__Assigned task__
Look in the listing below for the line that has "Капля моря - 58", then return it and each following line up to and including the one with "2024 Cadillac XT5 AWD Premium Luxury", exactly and without pictures.

__Data provided__

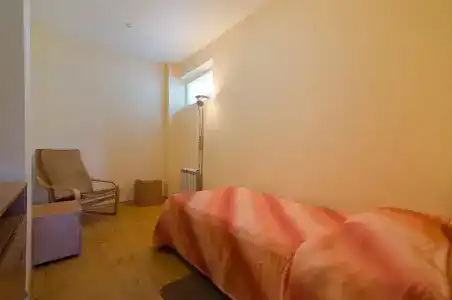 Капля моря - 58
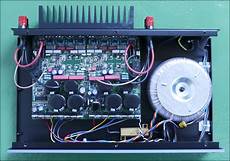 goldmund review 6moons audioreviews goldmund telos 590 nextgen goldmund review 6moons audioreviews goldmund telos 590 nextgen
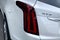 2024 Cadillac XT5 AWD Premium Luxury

...

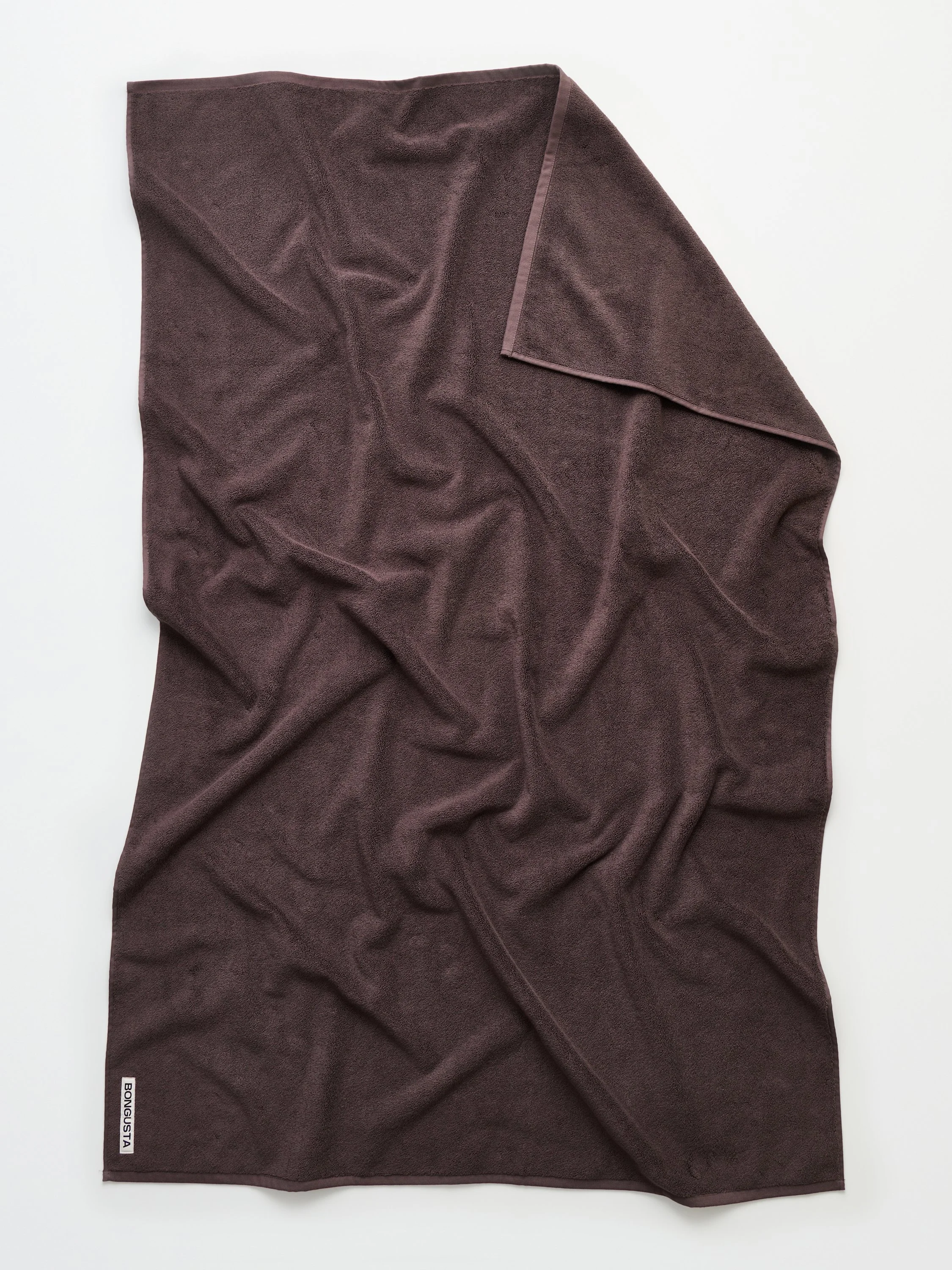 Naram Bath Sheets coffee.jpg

__Written answer__
 Капля моря - 58
 goldmund review 6moons audioreviews goldmund telos 590 nextgen goldmund review 6moons audioreviews goldmund telos 590 nextgen
 2024 Cadillac XT5 AWD Premium Luxury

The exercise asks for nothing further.